Importante frisar que a despeito das investidas desastrosas do governo contra o seu próprio órgão, o Inpe tem uma atuação científica inquestionável, integrando o seleto grupo de instituições brasileiras que gozam de grande reconhecimento internacional.

Os números relativos à ocorrência de queimadas no Acre chamam a atenção dos pesquisadores por duas razões, principalmente: efeito bordadura e marca de sustentabilidade.

No primeiro caso, e como a própria denominação sugere, o efeito bordadura diz respeito ao perímetro de contato entre o ecossistema florestal amazônico e outras formações de vegetação – tipificadas como cerrado, cerradão, savana e assim por diante.

Ocorre que, se por um lado as florestas do Acre estão no caminho do vetor de expansão da criação de boi e do consequente desmatamento que vem de Rondônia e do Mato Grosso, por outro, são as áreas de florestas que garantem a conservação da cabeceira de dois importantes rios tributários da calha direita do rio Amazonas –Juruá e Purus.

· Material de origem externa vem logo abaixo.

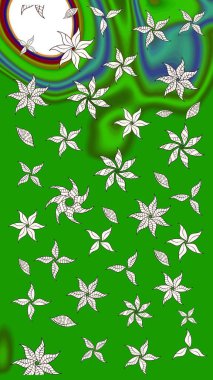 Yeşil ve nötr renklerde çiçekler. Küçük çiçekte sevimli çiçek deseni var..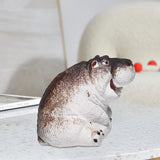 Maxbell Miniature Animal Figurine Small Animal Statue for Living Room Bookcase Decor Hippo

Contudo, diante do efeito bordadura, tanto a resistência (a capacidade de o ecossistema florestal suportar o desmatamento) quanto a resiliência (a capacidade de regeneração natural da floresta desmatada) ficam comprometidas.   

Resumindo, além de apresentar indicadores de evapotranspiração e umidade diferenciados – em relação à porção central da massa florestal heterogênea que compõe o bioma Amazônia –, a faixa de bordadura da floresta será sempre a porta de entrada para o desmatamento.

É aí que entra a segunda motivação dos cientistas para acompanhar de perto a destruição das florestas do Acre pelo desmatamento e pelas queimadas.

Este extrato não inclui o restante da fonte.